Jenna and Acidwisp though were closer to me. I guess my memory fails me a bit nowadays but I do have a few things that I can draw back on. When I used to go to high school, I was always in there early. I left super early to go to school. In part it was because I didn’t like the crowd of the bus later on. In larger part, I think I was just always a bit of a loner, because when i say early, I meant that I was usually in school a bit before 7am even though we only needed to be there for 8:30.
Usually I spent that time in the music room, practicing, since I didn’t own any drums of my own. In the early years I went in to practice every day because I wanted to get into the high school band. I remember doing the entrance exam for the band in grade 9, and at the time the test consisted of sightreading a piece of competition calibre music and playing it on the spot. There was a particular rhythm that I’d never seen before on paper, and I failed the test while one of my buddies Kal got in, and I remember that being a traumatic moment for me. But I’d go in and practice and practice and eventually, a few weeks later, the band director gave me a second shot and I got in. I’d go in and practice early and then leave before anyone else came in to practice. Usually I’d go to the third floor and there was jenna, sitting in front of her locker, trying to figure out some math homework or something.
The hallways were such that there was always sunlight coming down the east end of it, and it was blinding. The shadows of the doors stretched out along the entire length of those halls.
I’m not sure if that’s where I met Jenna or not, but she was also someone who came in to school really early all the time. Being in the same grade and having at least a few of the same teachers, we spent the mornings either doing homework or copying from eachother. I think there was one thing we had in common– we didn’t really like our parents. She didn’t talk much about that, but neither did I, and that was one thing that I think I could relate with: silence when it came to our parents. In large part, one of the reasons why I went to school so early every day and busied myself with events after school was so I wouldn’t have to go home. Ironic, since most parents sign their kids up to things so they’ll be too busy for drugs– but I signed myself onto things so I wouldn’t have to go home.
In later years, she started playing volleyball, which was something I was into as well. I played briefly on the bantam team, while she was on midget. Seeing as her team usually trained at night around the same time as band practice, she usually would hang around with Fil and I and we’d just start doing stupid things in the gym since nobody was around to stop us. I think that out of my circle of friends, she was perhaps the only who didn’t learn how to play hackey sack. But there was always volleyball. Our paths crossed on those courts pretty often because we both played mixed games when they were first becoming popular.
Acidwisp was someone who I met by chance through computer classes I think.
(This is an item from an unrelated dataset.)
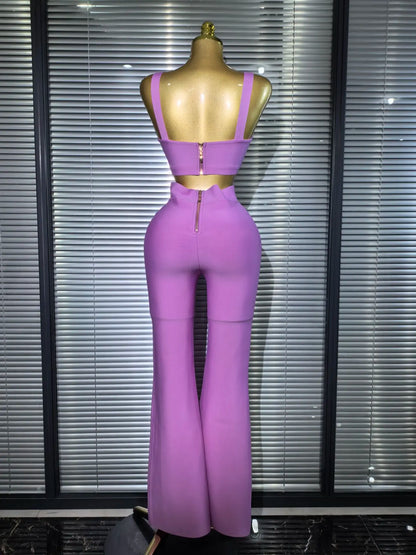 UNIKCOSA’s Multi-Color Bandage 2-Piece Set — Sexy Strap Crop Top + Bodycon Long Skirt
Back in the day before easily accessible internet, online communities were on Bulletin Board Systems (BBSes). You’d dial up via modem, go on some discussion groups, maybe play some games in 16 colors of ANSI coded art– it was all quite primitive and it came at a time where things like your mice still had IRQ settings. I remember my 14.4 USRobotics modem had an IRQ conflict with my mouse, such that it would only receive data if I wove the mouse around. Strange huh?
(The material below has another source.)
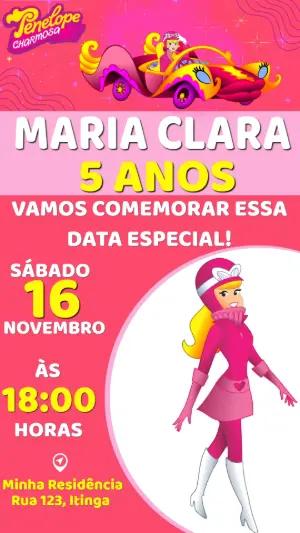 Convite de Aniversário Penelope Charmosa para Editar Online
Anyway, Acidwisp and I met through the highschool BBS or soemthing like that. Even Paladin and Zanshin were part of the BBS, and we’d organize the high school BBS to fight wars against rival BBSes. There were games like Solar Realms Elite and Barren Realms Elite that had inter-bbs capabilities, so that each BBS was like a ‘planet’ or ‘country’ and each player on each BBS was one general. It was, in a sense, the turn based, text based precursor of the modern MORPG.
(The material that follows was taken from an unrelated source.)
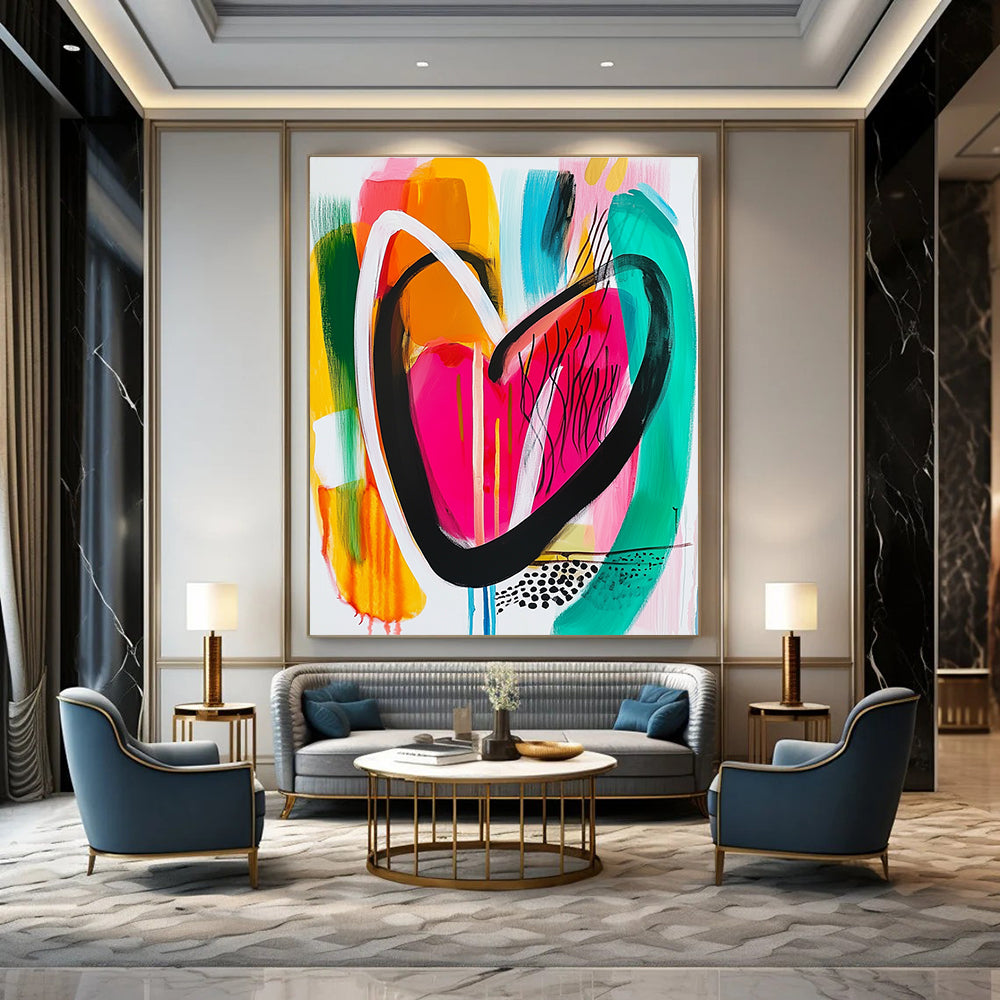 Colorful Heart Abstract Painting for Romantic Wedding Venue Reception Areas GAB1199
In later years, Acidwisp and I would become closer friends because of hackey sack and “Prefects,” who were the school ‘police.’ I put that very loosely in quotes because we were very much like a bunch of untouchables, taking the law into our own hands, and abusing our authority for personal gain. We got to wear these burgandy vests, later upgraded to snazy black ones that look a lot like what you might see in Indigos.
We got out of classes 5 or 10 minutes earlier than anyone else because we had to do traffic duty in the cafeterias. The best part? Getting out 5 or 10 minutes early meant that you could go in, buy all the chocolate chip cookies and chocolate milk, and then resell it for more expensive when the supplies eventually weren’t enough to handle demand. Man, we made a killing.
Ah, those were the days.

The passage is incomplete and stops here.